Big data technologies:
Expertise in big data technologies such as Hadoop, Hive, Pig, and Spark to manage and process large volumes of data.
Data warehousing:
Have experience designing and building data warehousing solutions on top of Azure and Databricks: Azure Synapse and DataBricks Data Warehousing concepts.
Scripting and programming:
Have strong scripting and programming skills to automate data processes and build custom tools. This involves using languages such as Python, Java, Scala, and SQL.
Knowledge of data lakes, ETL/ELT, and Data-as-a-Service:
Have extensive experience with data technologies such as data lakes, ETL/ELT, and Data-as-a-Service. This knowledge enables them to make informed decisions about the company's data architecture and how it can be used to provide value.
Databricks knowledge:
Expertise in data lakes should have a strong understanding of Databricks, which is a cloud-based platform used for data engineering, machine learning, and analytics. They should be able to use Databricks to build and deploy data pipelines, create data models, and perform advanced analytics.
Jupyter notebooks:
Be familiar with Jupyter notebooks, which are interactive coding environments that allow users to create and share code, visualizations, and data analyses. They should be able to use Jupyter notebooks to develop and test data pipelines, create and execute machine learning models, and perform exploratory data analysis.
Spark clusters:
Have extensive experience working with Spark clusters, which are high-performance computing clusters used for big data processing.
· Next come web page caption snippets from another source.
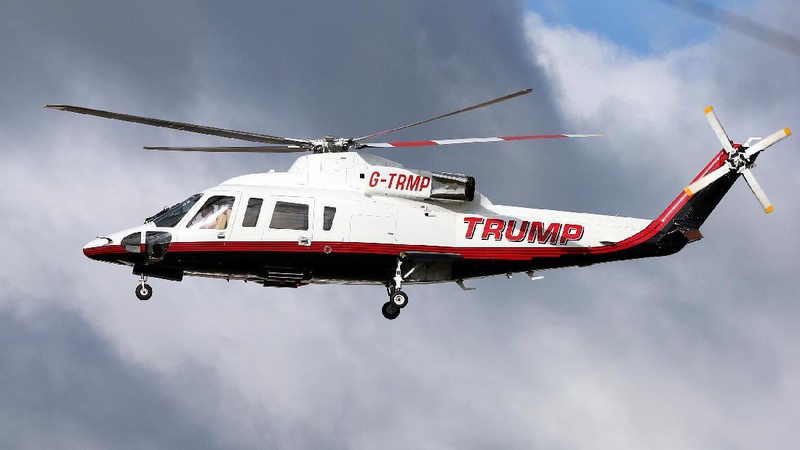 Presidential contender Donald Trump waves to the media after arriving by helicopter during the 1st  first day of the Women's British Open golf championship on the Turnberry golf course in Turnberry, Scotland, Thursday, July 30, 2015. (AP Photo/Scott Heppell)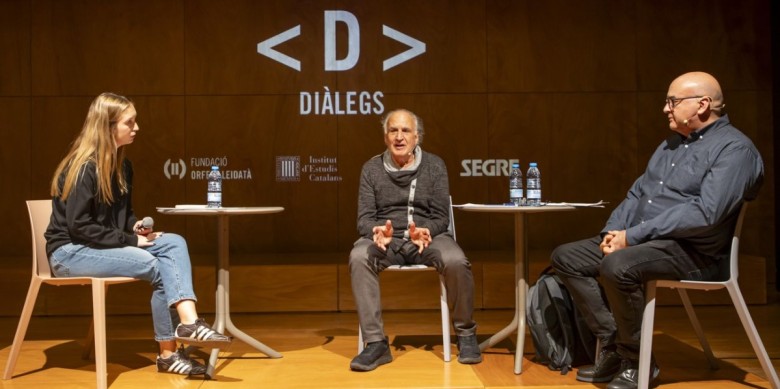 La periodista de SEGRE Núria Codony i els ponents Bertranpetit i Fons, a l’Espai Orfeó.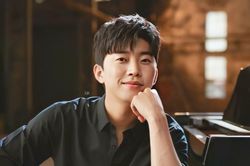BXH Ca sĩ tháng 10: BTS đứng sau một nghệ sĩ kỳ cựu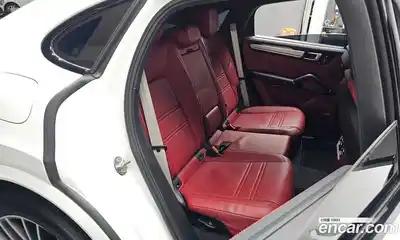 Porsche Cayenne 2023 3.0 Автомат в Москве № 197358, миниатюра 10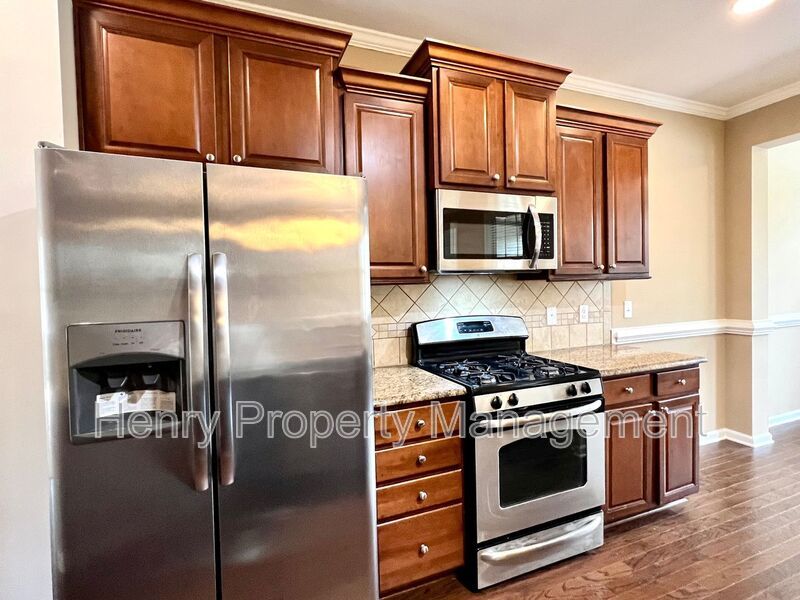 3 Bedroom Townhome in Glenwood Station Subdivision, Raleigh property image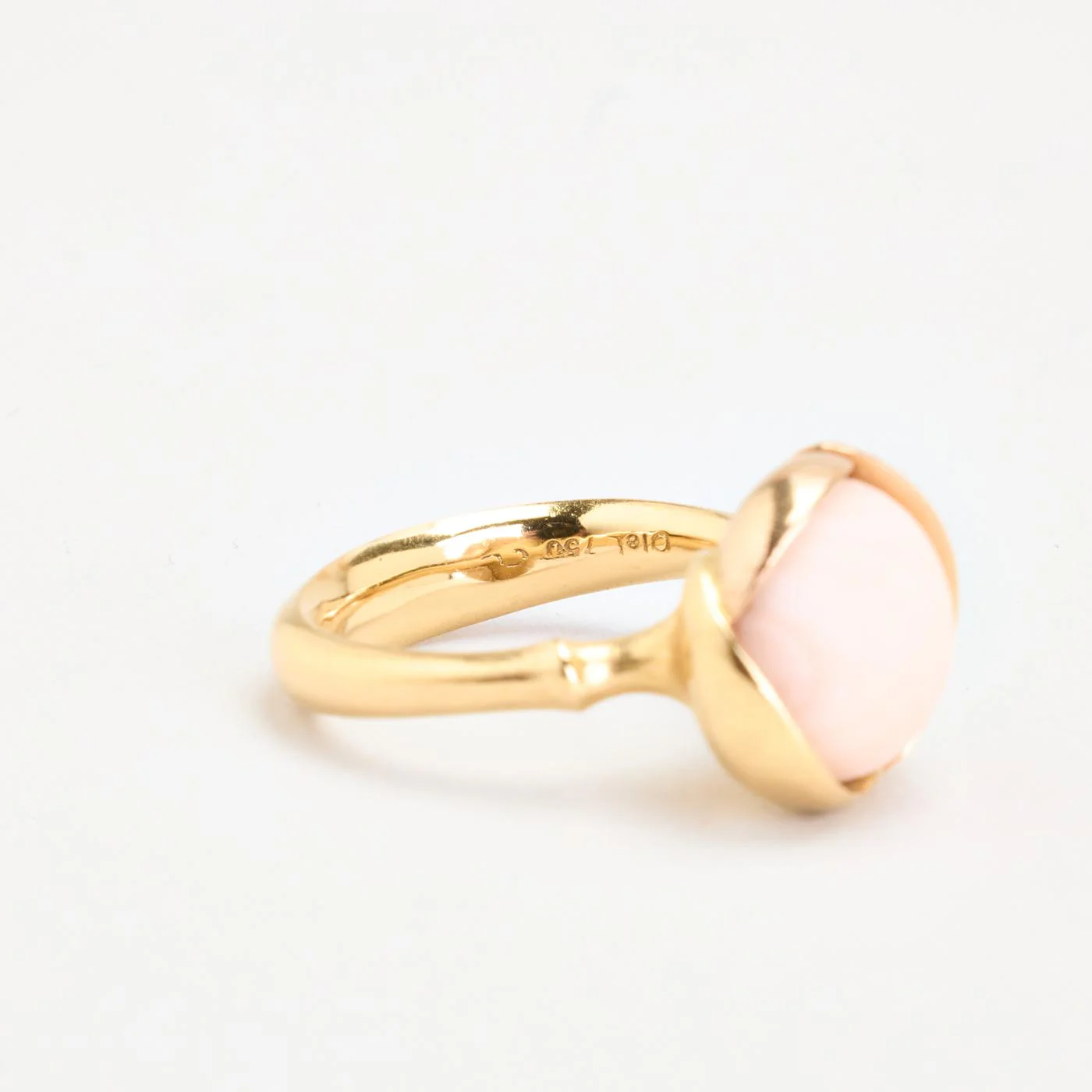 Ole Lynggaard Lotus statementring i 18K guld med en korall strl. 15.9 / strl. 50 - Image 5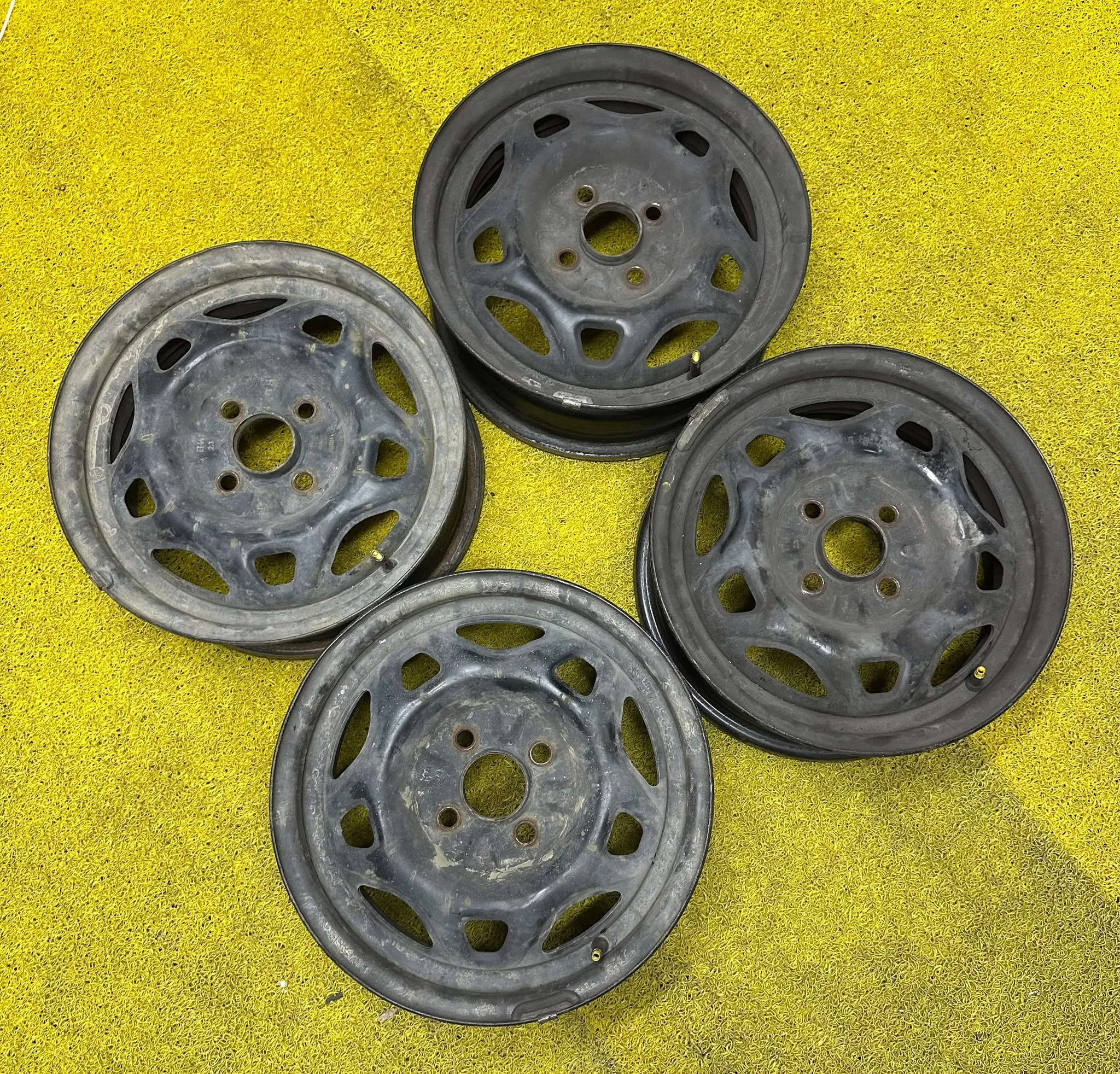 4x100 14 J5.5 ET23 TOYOTA COROLLA DEMİR JANT (1Ad)
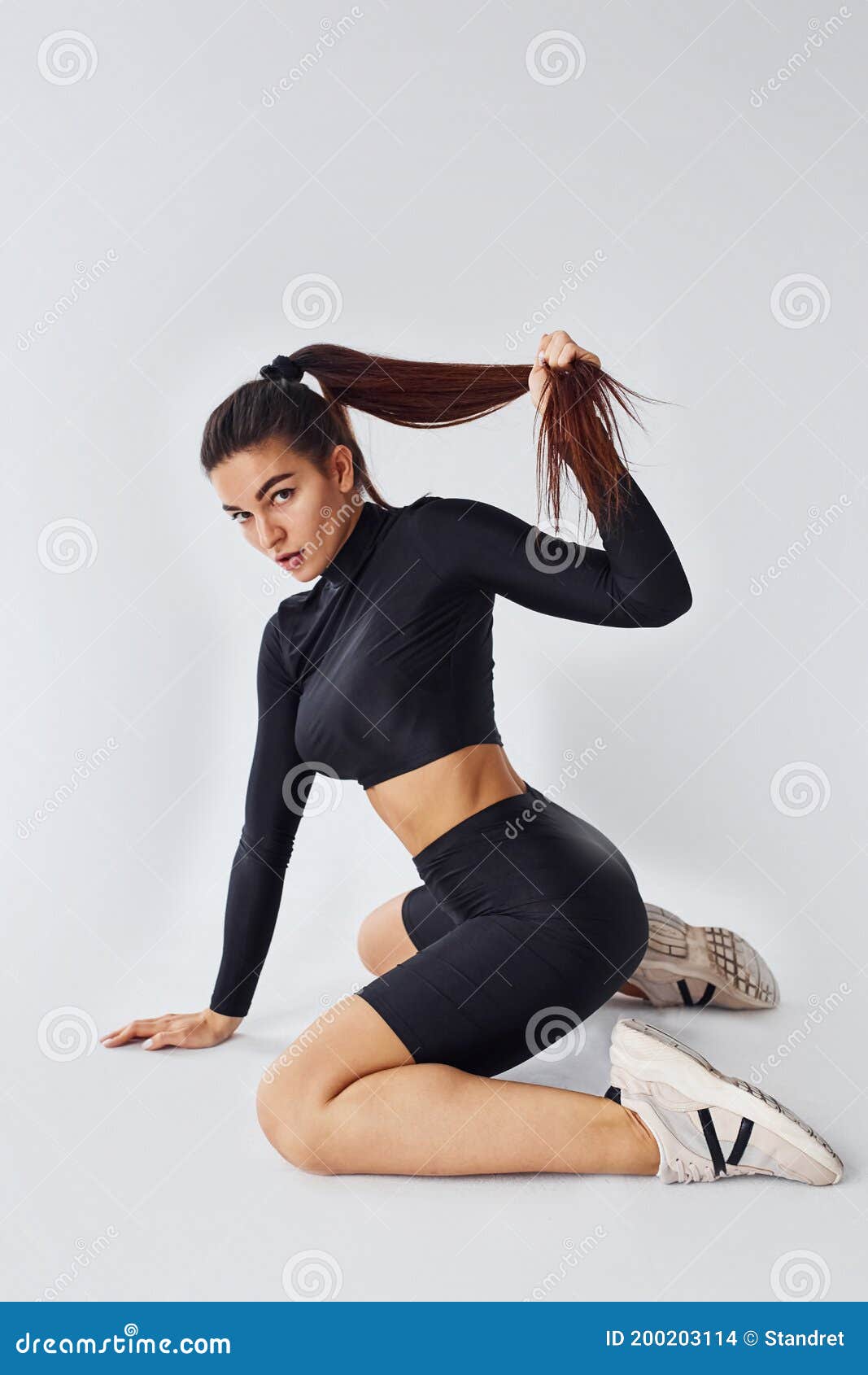 Russian girl twerk dance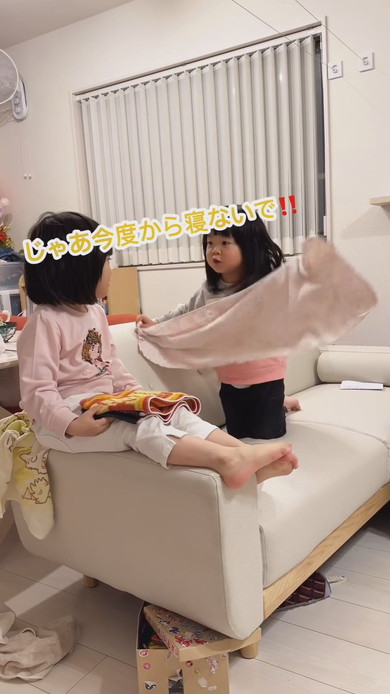 4歳の姉にお説教をする3歳の妹の様子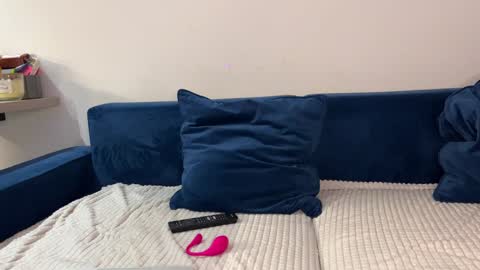 Snapshot of luis7777hui chatting on December 2025 09:24:02 PM Luis and Alina online show from December 2025 09:24:02 PM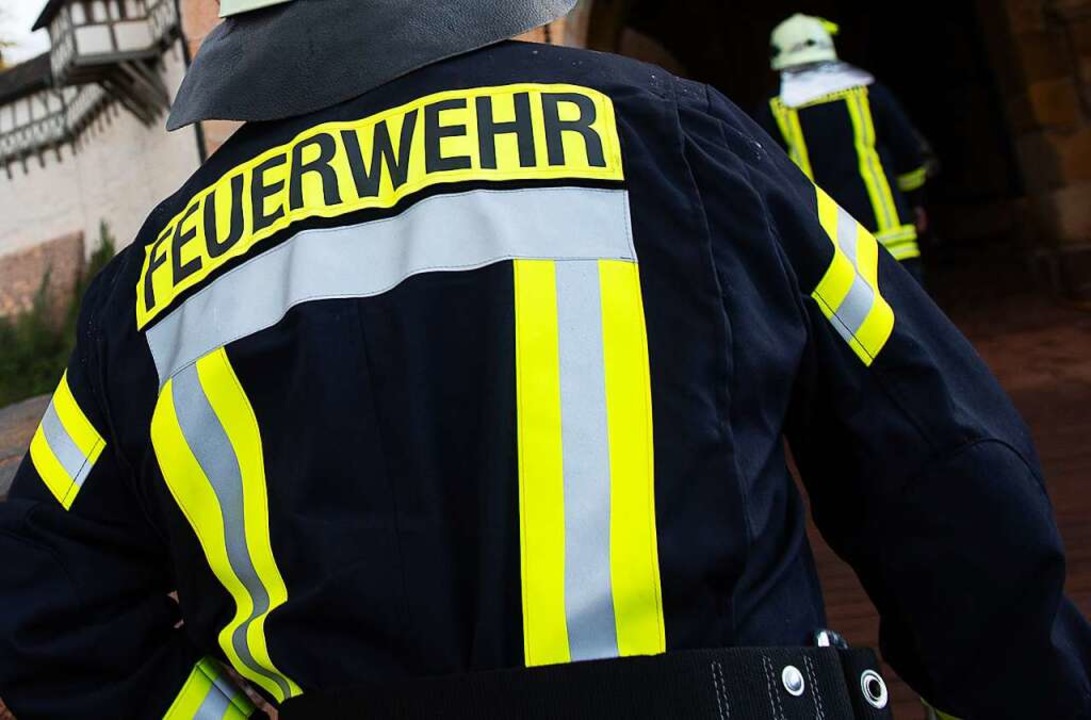 Die Feuerwehr war mit fünf Fahrzeugen und etwa 30 Kameraden im Einsatz.  | Foto: Swen Pförtner (dpa)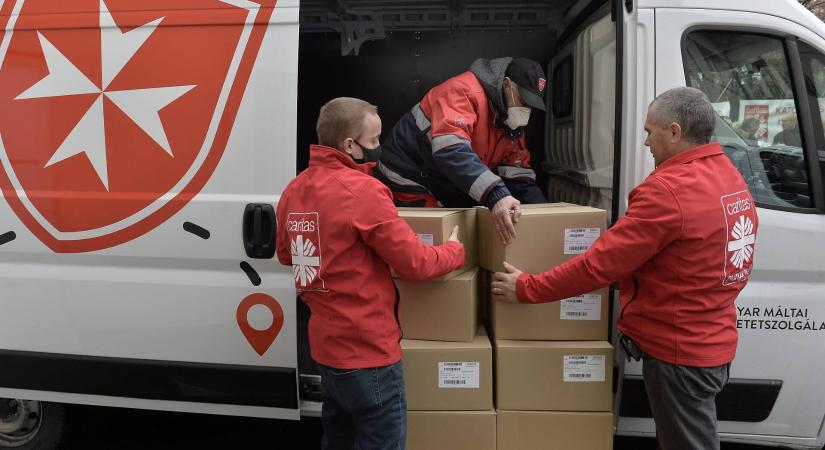 Csaló SMS-eket küldenek a Magyar Vöröskereszt nevében, ezeket nem szabad megnyitni
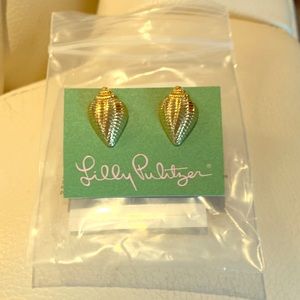 Lily Pulitzer Gold Shell earrings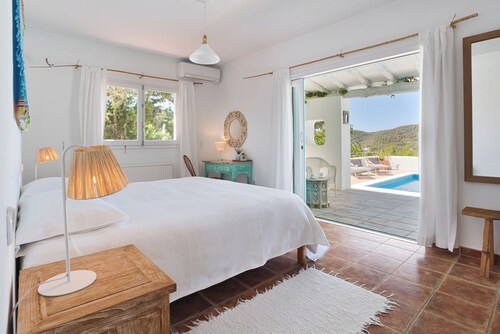 Schöne Villa für 6 Personen mit großem Pool, Meer- und Sonnenuntergangsblick in den Hügeln von San Jose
They should be able to configure and manage Spark clusters, optimize their performance, and use them to process large volumes of data.
Data ingestion and processing:
Deep understanding of data ingestion and processing techniques used in data lakes. They should be able to design and develop data pipelines that can ingest data from various sources, transform and process data using tools such as Apache Spark, and store data in data lakes such as Amazon S3, Azure Data Lake Storage, or Google Cloud Storage.
Data security:
Be familiar with data security best practices, including access control, data encryption, and network security. They should be able to design and implement data security measures to protect data in transit and at rest.
Data governance:
Have a good understanding of data governance principles and practices. They should be able to create and enforce data policies, establish data quality standards, and ensure compliance with relevant data regulations. Have experience with data quality and governance practices to ensure the accuracy, completeness, and reliability of data. This involves implementing data quality checks, defining data policies, and ensuring compliance with relevant data regulations.
Cloud computing:
Have experience working with cloud computing platforms such as Amazon Web Services, Microsoft Azure, and Google Cloud Platform. They should be able to leverage cloud services to create scalable and cost-effective data lake architectures.
Big data technologies:
Be familiar with other big data technologies such as Hadoop, Hive, Pig, and Kafka. They should be able to use these technologies in conjunction with data lakes to create robust and scalable data processing solutions.
Soft Skills:
Excellent problem-solving skills:
Have excellent problem-solving skills and be able to identify and address potential problems with the software architecture before they become major issues.
Communication and collaboration:
Effective communication and collaboration skills are critical. Be able to clearly communicate complex technical concepts to non-technical stakeholders and collaborate effectively with cross-functional teams.
Leadership and management:
As a key member of the technical team, have strong leadership and management skills. Be able to lead technical teams and manage projects effectively, ensuring that the software architecture is delivered on time and to a high standard.